Monti aggravated Italy’s fourth recession since 2001 by imposing an austerity budget of tax increases and spending cuts to help shield Italy from Europe’s sovereign debt crisis. The plan, which won the approval of the European Union, took money out of the pockets of consumers and investors. Tax receipts are missing forecasts and Italy is at risk of breaching the EU’s deficit limit of 3 percent this year, said Ulrike Rondorf, an economist at Commerzbank AG in Frankfurt.
“The economic outlook was never favorable for Italy, but it has certainly worsened over the last few months,” Rondorf said. “I would even be skeptical that they reach the 3 percent mark. That would be a real hurdle.”
The government’s 2012 GDP revision means Monti’s government is forecasting a deeper contraction than the 2.2 percent rate expected by economists, according to the average estimate in a survey by Bloomberg.
Contraction in 2013
The Italian economy will probably contract in 2013, shrinking 0.2 percent. In April the government expected growth of 0.5 percent. Debt will reach 126.4 percent of GDP this year including the costs of European bailouts, before peaking at 127.1 percent in 2013. Excluding rescue payments, debt will rise to 123.3 this year and hold at that level in 2013.

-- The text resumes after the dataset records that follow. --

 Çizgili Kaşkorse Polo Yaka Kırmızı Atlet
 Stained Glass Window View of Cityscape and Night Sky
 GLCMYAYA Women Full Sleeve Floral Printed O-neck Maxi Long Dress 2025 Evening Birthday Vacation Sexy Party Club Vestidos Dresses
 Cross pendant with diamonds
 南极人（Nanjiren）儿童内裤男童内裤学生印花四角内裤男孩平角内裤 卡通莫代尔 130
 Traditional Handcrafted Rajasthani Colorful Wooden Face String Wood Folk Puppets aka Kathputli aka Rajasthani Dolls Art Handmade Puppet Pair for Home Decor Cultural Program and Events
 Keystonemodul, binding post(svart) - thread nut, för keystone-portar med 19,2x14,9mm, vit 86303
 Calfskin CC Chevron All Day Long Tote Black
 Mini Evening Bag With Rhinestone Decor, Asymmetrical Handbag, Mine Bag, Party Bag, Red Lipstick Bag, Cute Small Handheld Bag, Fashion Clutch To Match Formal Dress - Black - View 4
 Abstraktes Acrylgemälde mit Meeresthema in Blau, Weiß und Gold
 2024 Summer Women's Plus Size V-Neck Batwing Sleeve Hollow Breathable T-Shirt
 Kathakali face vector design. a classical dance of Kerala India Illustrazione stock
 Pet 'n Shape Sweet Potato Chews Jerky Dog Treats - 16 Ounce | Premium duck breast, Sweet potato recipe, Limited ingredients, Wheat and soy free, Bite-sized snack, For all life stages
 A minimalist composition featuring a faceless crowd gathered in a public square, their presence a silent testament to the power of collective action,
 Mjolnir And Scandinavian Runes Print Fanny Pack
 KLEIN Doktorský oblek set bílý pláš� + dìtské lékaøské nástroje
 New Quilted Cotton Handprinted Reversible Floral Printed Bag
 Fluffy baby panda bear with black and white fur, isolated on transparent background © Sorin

Monti, a former university president and European Union commissioner brought to power in November, has turned his attention to stimulating the economy and boosting Italy’s productivity in the home stretch of his 17-month term. He has acknowledged that his austerity budget, which helped lower Italy’s borrowing costs and safeguard the government from a European bailout, has hurt the economy.
“Only a fool could think it’s possible to act on a decades-long Italian structural problem without bringing about a short-term reduction in demand,” Monti said Sept. 11 in a speech to a conference of textile makers in Milan. “We had to decide whether to enact our long-term vision, or to simply ride out the financial storm as best we could.”